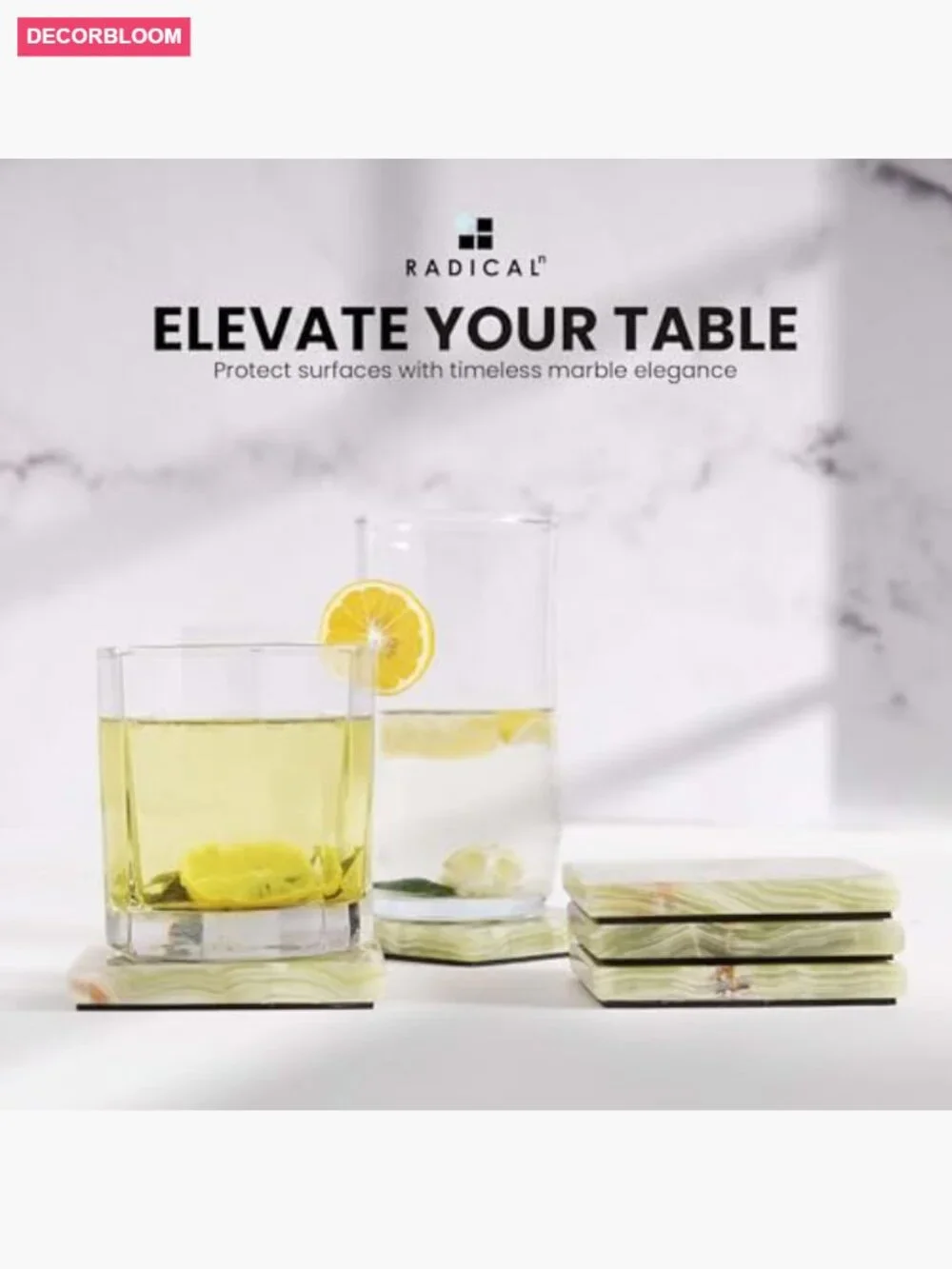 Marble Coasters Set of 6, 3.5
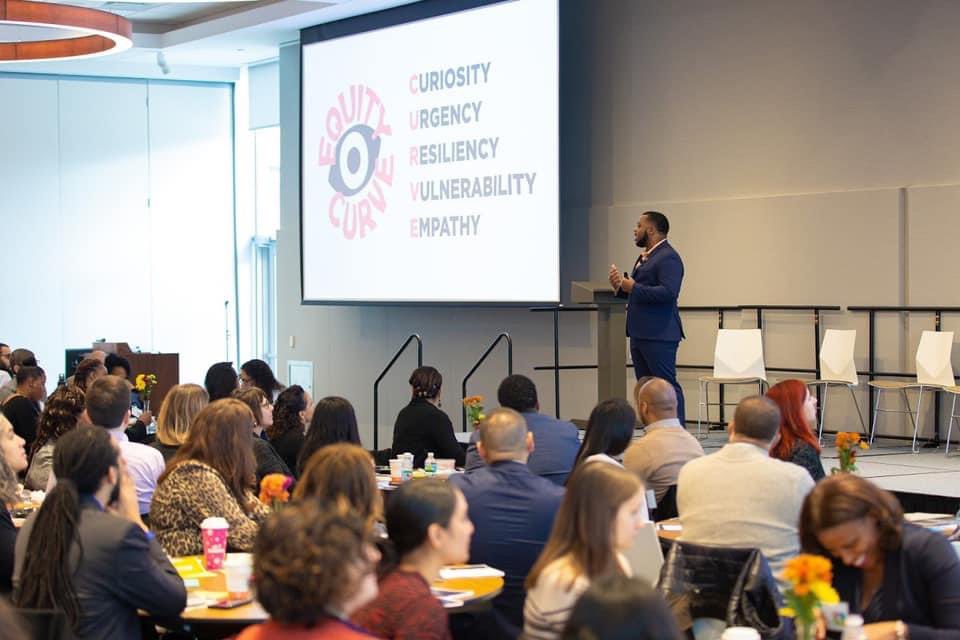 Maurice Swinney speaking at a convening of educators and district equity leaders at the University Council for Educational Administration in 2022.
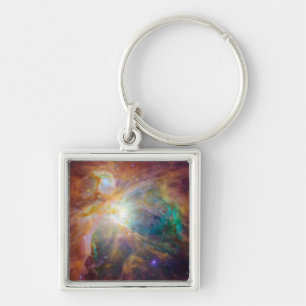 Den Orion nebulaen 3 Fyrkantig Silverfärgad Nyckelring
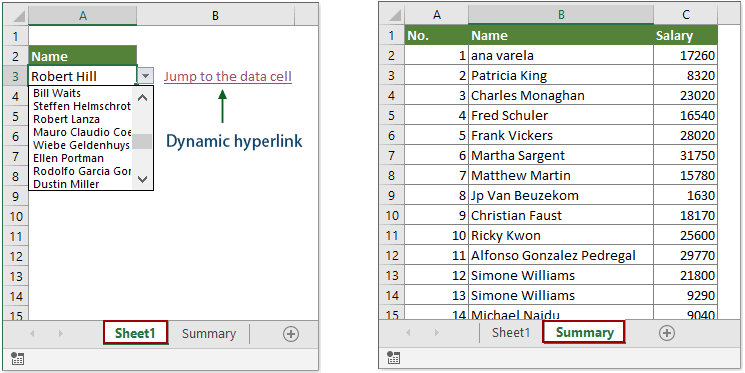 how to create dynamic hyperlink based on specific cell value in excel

--

Your answer must be an exact copy of the data above, minus its pictures.

- [Answer space]:
 Marble Coasters Set of 6, 3.5
 Maurice Swinney speaking at a convening of educators and district equity leaders at the University Council for Educational Administration in 2022.
 Den Orion nebulaen 3 Fyrkantig Silverfärgad Nyckelring
 how to create dynamic hyperlink based on specific cell value in excel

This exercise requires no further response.